Martin is perhaps the most-decorated golf professional in West Virginia history. He won the Tri State PGA Pro of the Year Award 10 times.
Martin was eulogized by PCC member Jim Hayhurst.
“Larry had a magical way of making you feel like you were his very best friend in the world when he actually had 100s of best friends,” Hayhurst said.
Martin built a reputation as being a workaholic.
“He approached his job as if he were the owner,” Hayhurst said. “He was totally involved in every detail. His fingerprints are all over the Parkersburg Country Club..”
Hayhurst said when Martin arrived at PCC, the club was operating at a deficit. Once Martin took over, he generated more than $5 million without incurring any debt.
With members of the Martin family looking on, officials unveiled a portrait of Martin. It not includes his dog Whiff but also appropriately features youth golfers in the background.
Martin immediately established a code of conduct for the youth who participated in his program as well as those who worked for him. He demanded respect, responsibility and made sure the words “please” and “thank you” were part of their everyday vocabulary.
Hayhurst described Martin as “the king of the one-liners.” Martin invariably would serve as the MC for tournaments at PCC and he was merciless in handing out the awards.
In addition to the fitting tribute to Martin, other highlights of Tuesday’s dinner included a brief history of the West Virginia Open presented by Ken Tackett, executive director of the West Virginia Golf Association.

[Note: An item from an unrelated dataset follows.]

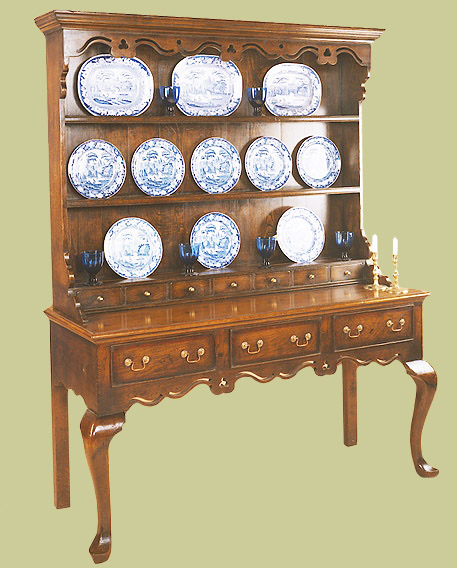 High oak cabriole leg dresser with some lovely period features.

Tackett noted that not only is the his the 80th West Virginia Open but it also is the 100th year of the WVGA.
He said this marks the fourth time Parkersburg has conducted the West Virginia Open as amateur Bill Campbell won here in 1950 and 1953 and Vienna’s Jim Fankhauser claimed the championship in 1983.
Tackett said the legendary Sam Snead participated in 20 West Virginia Opens, winning 17 times.
Past champions who attended Tuesday’s ceremony included Barry Fleming (1977), Matt Cooke (1981), Harold Payne (1986, ’87, ’88 and ’93), Scott Davis (1982. ’90, ’95 and ’98), Brad Westfall (1992, ’94, 2000, ’02 and and ’03), John Ross (1997, ’99) and David Bradshaw (2006, ’08, 09, ’10 and ’11).